• [TASK ITEM] Would you output the lines from the one with "西原地区各省市的展位。" through the last line of the material below, exactly, but without pictures?

• [SUPPLIED RECORDS]
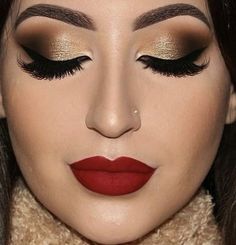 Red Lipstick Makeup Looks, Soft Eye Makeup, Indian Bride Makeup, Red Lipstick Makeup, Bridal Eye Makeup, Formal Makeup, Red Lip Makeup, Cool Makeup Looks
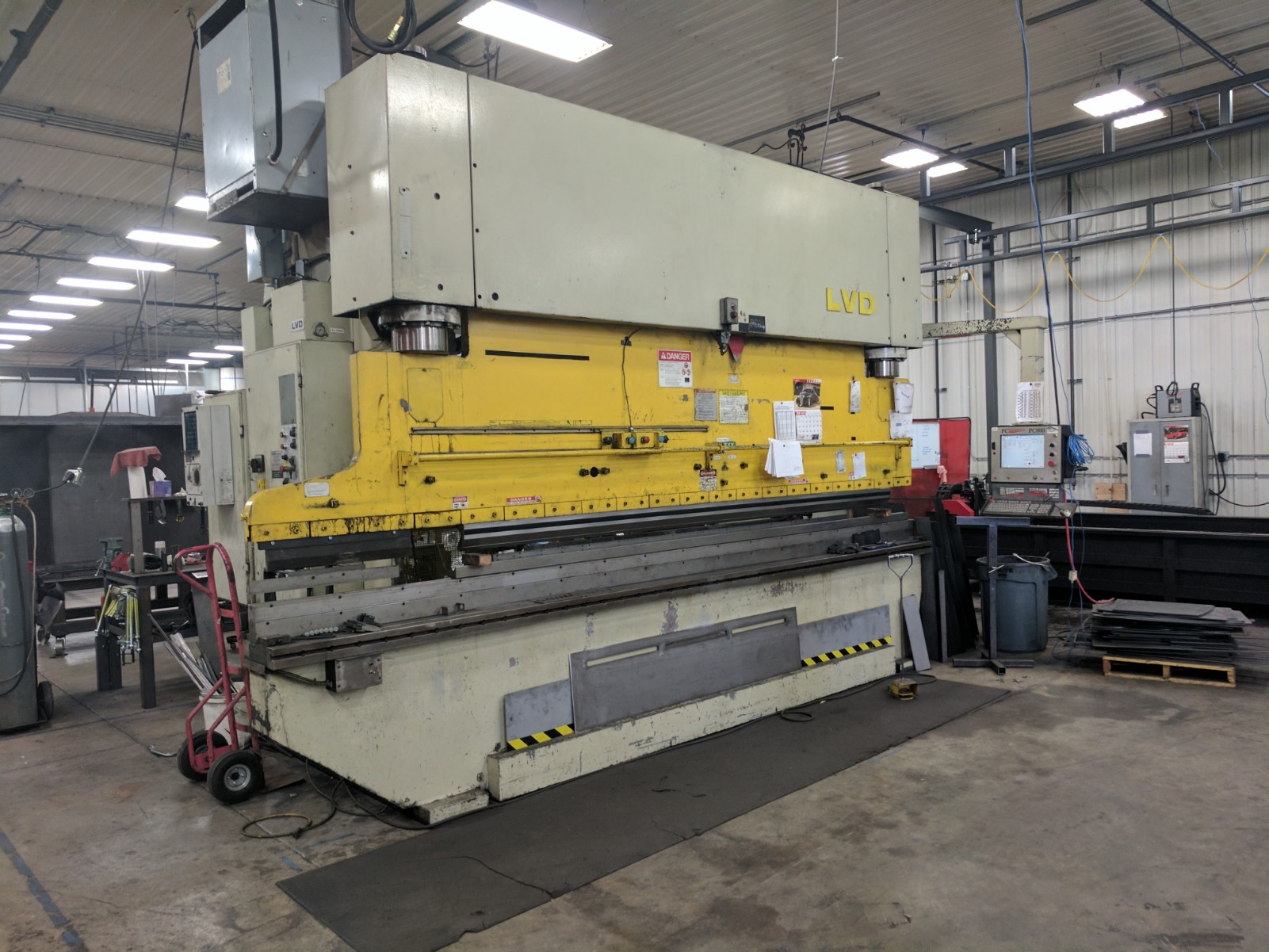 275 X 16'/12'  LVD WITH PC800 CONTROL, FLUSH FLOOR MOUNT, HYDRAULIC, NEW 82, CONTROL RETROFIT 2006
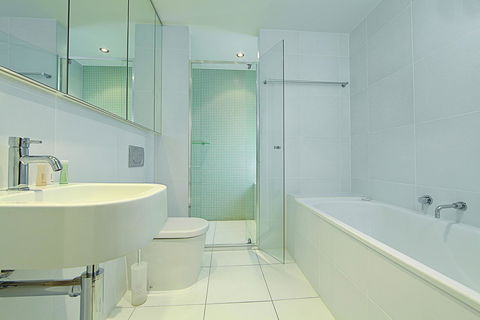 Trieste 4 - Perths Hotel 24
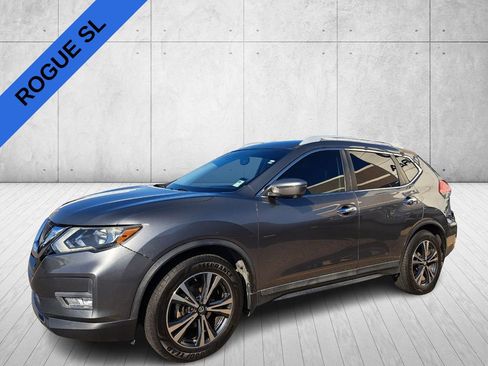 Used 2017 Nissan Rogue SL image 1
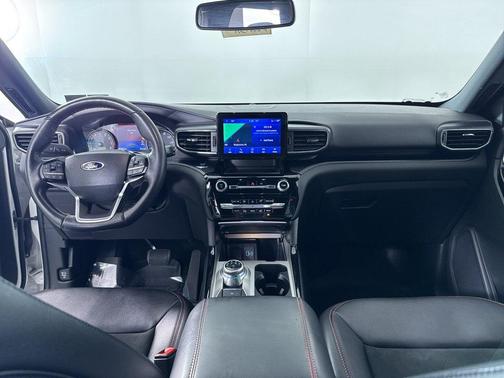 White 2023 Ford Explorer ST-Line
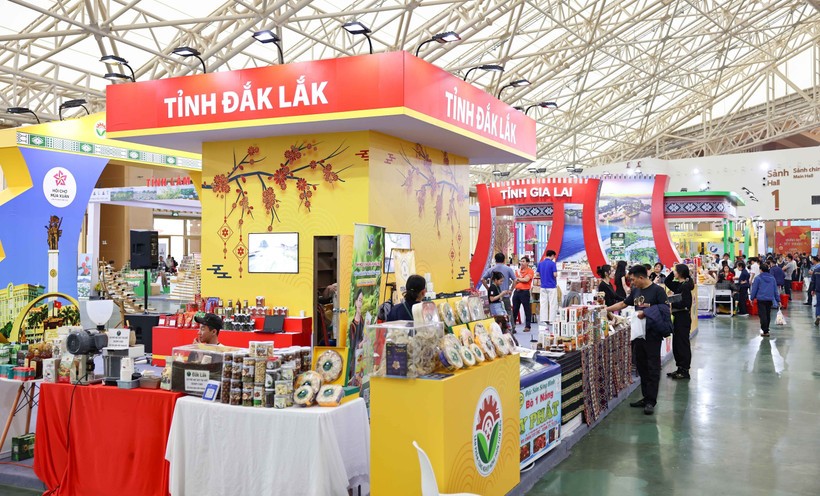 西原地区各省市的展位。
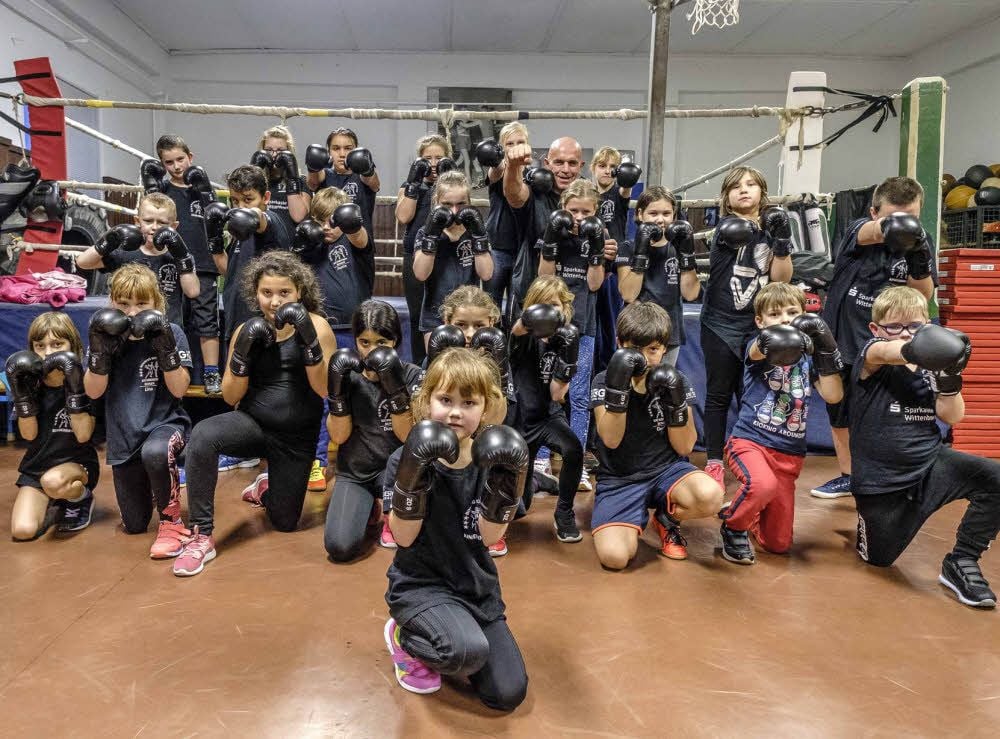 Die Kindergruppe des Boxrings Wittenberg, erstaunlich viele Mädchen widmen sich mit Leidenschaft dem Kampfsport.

• [ANSWER TO THIS PROBLEM]
 西原地区各省市的展位。
 Die Kindergruppe des Boxrings Wittenberg, erstaunlich viele Mädchen widmen sich mit Leidenschaft dem Kampfsport.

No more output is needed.